Consider a service mesh earlier. We hand-rolled retries, circuit breakers, and tracing in every service. Istio/Linkerd weren’t production-ready for us in early 2017, but the pain was real.
Contract tests from day one. We added them after a breaking change hit production. Obvious in retrospect.
The Bottom Line
Migrating to microservices is a journey measured in months, not sprints:
- Use the Strangler Fig pattern—no big bang
- Extract read-heavy services first; earn confidence before touching writes
- Draw boundaries around business capabilities, not technical layers
- Database per service; share data via events, not shared tables
- API gateway for clients; service discovery for services
- Circuit breakers, retries, monitoring—distributed systems hygiene
Don’t migrate because microservices are fashionable. Migrate because your monolith’s specific pains outweigh the distributed systems tax.

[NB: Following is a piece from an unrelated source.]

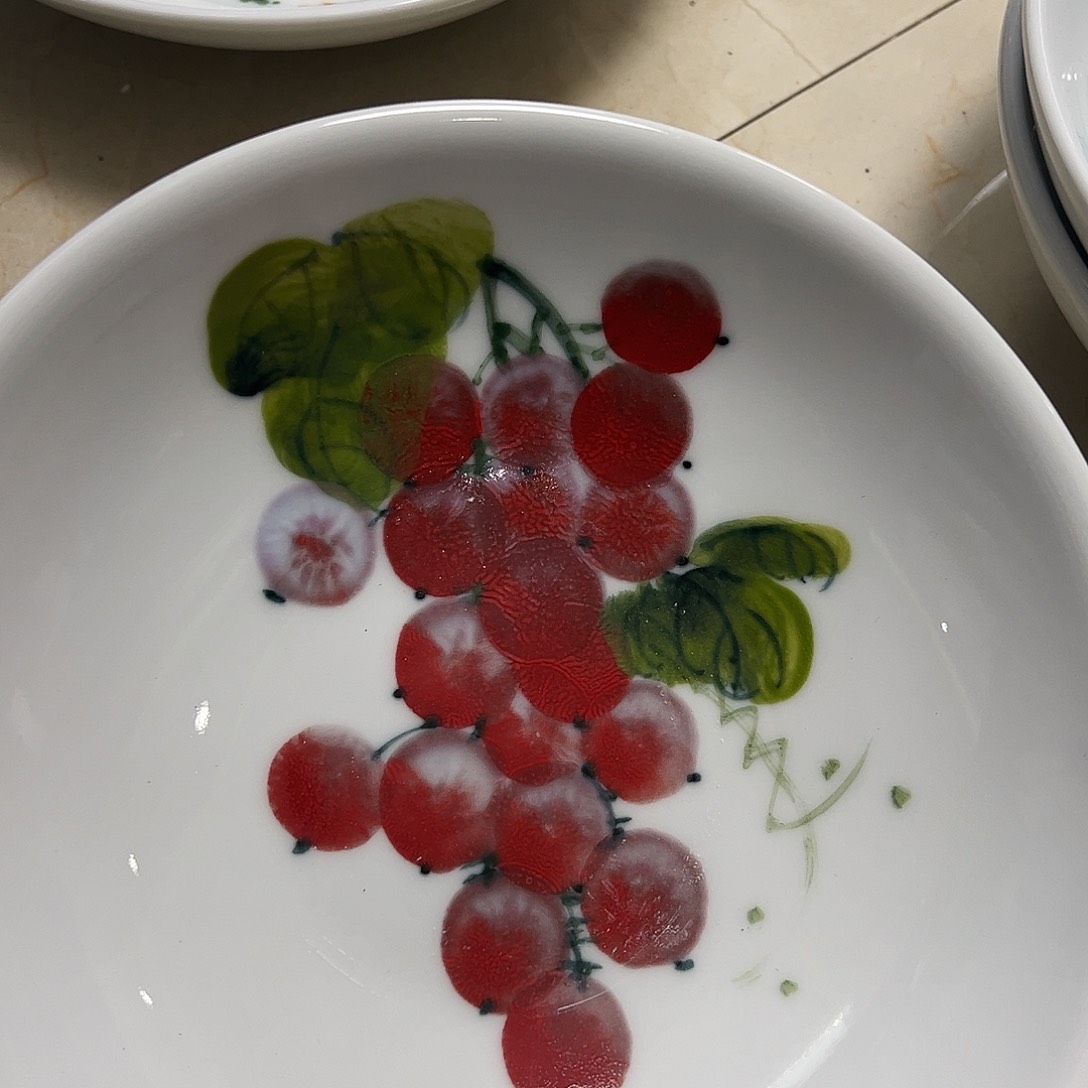 瓷片景德镇陶瓷手工手绘制作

Our six-month migration wasn’t glamorous. There was no launch day confetti. Just gradually shrinking the monolith, gradually growing confidence, and one day realizing the monolith was mostly gone.
That was worth it. We deploy independently now. We scale what needs scaling. Teams own their services.
We also have more repos, more dashboards, and infinitely more “have you checked the logs in the other service?” conversations.
That’s the deal. We took it. Mostly don’t regret it.
Migration lessons from March 2017, after six months of extracting services from our production monolith. Stack: Python/Flask services, PostgreSQL, Consul, Prometheus, hand-rolled event bus.